Set aside your common sense when working with data, and watch out. "It can really bite you," said Dean Abbott, internationally recognized predictive analytics expert and author of the new book Applied Predictive Analytics: Principles and Techniques for the Professional Data Analyst. "The great thing about predictive modeling and algorithms and machine learning is the models are induced from the data. Of course... the biggest weakness of machine learning techniques is that the models are induced from the data," he told listeners of this week's A2 Radio episode, "The Art of Predictive Modeling" (register now and listen on demand).
This is problematic if the data has problems or is biased in some way, he added. That's because "the model will gleefully go and build whatever it finds in the data, which may not be what you expect or what you really want."
During the radio broadcast, Abbott shared a wealth of sensible advice for predictive modelers. Here are five of his tips:
Know your science, but embrace the art of predictive modeling. As a predictive modeler, you're going to have to have algorithm chops. Your linear regressions, K-Mean clusters, and neural networks aren't going to build themselves, after all. But how you do your analysis may be quite different from the way somebody else does -- and that's OK, Abbott said. "People attack problems in different ways," which gets to the art of the discipline, he said. And, unless you're doing leading-edge work, the science is only going to take you and your model so far. "You [might] build the coolest random forest ever, only to find out it's completely useless because it's not addressing the business objective." In other words, aligning a model to business objective is an art.
Don't dis domain expertise. Along with big data's arrival on the analytics scene is the belief of some in the data community that "just as long as we have enough data we don't need domain experts any more." That's just not true, Abbott said. Data can be a tricky devil. "We don't understand all the ways that data can deceive us, and if we just rely on the data alone, we can be fooled into thinking we have something that's good when we really don't."
Get IT buy-in from the get-go. Just as much as you need to partner with those keepers of the business knowledge mentioned above, you need to involve IT -- or whoever is holding the data -- in your predicting modeling projects. "You need to know where the data is stored, how one can access that data, and that the data means. Without IT buy-in, many predictive models fail," Abbott said. It happens, he added. "You discover all the data you need to build the models, but the IT fiefdom has erected a wall so high that you can't climb over it and you have to change what you do with predictive modeling or you'll never be able to deploy the model."
Don't be married to your model. Abbott said he smiles when he's asked about iterative modeling because it gets exactly to what he finds to be quite useful when working with predictive models. "And that is getting the model out the door for assessment as quickly as possible, even if it doesn't have all the bells and whistles you'd like in it." Building the model oftentimes isn't particularly difficult, after all. "So if you can get to the end and show this is what the model is seeing and get some quick feedback, you have time to correct all the misconceptions along the way.
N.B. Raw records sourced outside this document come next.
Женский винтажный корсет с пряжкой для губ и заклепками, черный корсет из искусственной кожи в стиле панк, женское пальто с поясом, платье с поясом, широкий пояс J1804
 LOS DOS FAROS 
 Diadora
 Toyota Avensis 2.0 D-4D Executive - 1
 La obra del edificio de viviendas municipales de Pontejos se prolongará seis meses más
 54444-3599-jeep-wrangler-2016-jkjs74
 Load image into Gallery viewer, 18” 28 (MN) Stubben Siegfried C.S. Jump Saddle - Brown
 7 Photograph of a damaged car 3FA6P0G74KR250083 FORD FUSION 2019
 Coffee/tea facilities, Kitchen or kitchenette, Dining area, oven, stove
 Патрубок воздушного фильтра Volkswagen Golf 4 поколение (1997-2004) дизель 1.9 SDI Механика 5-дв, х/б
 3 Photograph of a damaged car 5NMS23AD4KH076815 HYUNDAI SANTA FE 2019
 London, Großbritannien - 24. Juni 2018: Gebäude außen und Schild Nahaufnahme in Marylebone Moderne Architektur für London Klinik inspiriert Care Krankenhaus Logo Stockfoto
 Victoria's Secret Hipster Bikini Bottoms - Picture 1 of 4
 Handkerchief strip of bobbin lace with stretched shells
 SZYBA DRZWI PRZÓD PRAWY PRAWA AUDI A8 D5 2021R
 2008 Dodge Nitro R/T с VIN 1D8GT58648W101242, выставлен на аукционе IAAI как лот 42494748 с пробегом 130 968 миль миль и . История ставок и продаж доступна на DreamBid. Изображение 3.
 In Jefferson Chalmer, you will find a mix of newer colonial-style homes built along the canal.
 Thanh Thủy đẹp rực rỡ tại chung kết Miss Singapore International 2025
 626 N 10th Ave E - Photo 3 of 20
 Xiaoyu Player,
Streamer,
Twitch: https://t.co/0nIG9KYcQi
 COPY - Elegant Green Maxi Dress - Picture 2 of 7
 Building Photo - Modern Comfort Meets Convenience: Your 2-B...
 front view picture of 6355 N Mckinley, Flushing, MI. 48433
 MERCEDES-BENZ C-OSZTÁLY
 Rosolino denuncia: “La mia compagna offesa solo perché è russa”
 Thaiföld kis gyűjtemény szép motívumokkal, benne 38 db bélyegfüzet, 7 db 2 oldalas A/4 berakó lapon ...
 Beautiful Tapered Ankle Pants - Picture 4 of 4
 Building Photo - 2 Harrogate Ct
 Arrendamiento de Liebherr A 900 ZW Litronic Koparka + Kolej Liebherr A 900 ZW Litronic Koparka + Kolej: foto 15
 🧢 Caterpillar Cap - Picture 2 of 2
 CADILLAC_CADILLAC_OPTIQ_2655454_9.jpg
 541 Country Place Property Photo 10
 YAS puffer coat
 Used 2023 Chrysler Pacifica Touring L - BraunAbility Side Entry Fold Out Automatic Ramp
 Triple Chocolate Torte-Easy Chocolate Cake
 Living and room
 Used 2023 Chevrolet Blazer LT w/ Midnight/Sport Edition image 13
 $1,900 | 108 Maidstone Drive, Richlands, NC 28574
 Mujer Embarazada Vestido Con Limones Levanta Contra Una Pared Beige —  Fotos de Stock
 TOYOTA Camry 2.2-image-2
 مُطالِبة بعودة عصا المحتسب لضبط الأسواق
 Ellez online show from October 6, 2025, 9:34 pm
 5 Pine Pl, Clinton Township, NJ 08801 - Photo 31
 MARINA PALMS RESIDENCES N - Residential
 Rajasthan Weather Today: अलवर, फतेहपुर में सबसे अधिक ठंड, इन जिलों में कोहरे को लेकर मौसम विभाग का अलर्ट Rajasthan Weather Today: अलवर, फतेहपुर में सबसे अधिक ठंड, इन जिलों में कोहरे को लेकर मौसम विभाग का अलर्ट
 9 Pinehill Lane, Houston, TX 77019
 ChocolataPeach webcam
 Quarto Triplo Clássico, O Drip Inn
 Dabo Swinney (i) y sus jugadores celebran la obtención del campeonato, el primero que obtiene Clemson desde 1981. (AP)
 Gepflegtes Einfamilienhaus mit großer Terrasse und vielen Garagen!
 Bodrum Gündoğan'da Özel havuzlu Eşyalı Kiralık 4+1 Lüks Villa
It's almost always an iterative process, where the first thing that comes out of a decision tree or neural net or whatever the algorithm is isn't what you'll be using ultimately." So, build the model, show stakeholders what it's finding, answer all their questions… and make your adjustments, he advised.
Remember the back-end. As you work on your model, make sure you know how it's going to be deployed. Will it be deployed in software or will you need to do an ad hoc deployment? Will the model need to fit into some operational system? If the latter is the case, then you need to know what form the model needs to take, Abbott said. Your modeling algorithm may be easy enough to encode using C, Java, SQL, or the Predictive Model Markup Language (PMML), but not so with all the data prep you've done, he warned. So, if you've monkeyed around with the data, filling in missing values or creating derived attributes for example, you're going to have to redo all those computations. So it behooves you to keep good notes on that data prep. "So if you're pulling data from a data warehouse and then bringing it into your data mining environment and doing all your data prep, keep note of what you're doing and then as much as possible push that back up to the database so that when you're scoring models later you're pulling data from a modeling table that's already got this data prep built in and then push that out to your scoring, or whatever."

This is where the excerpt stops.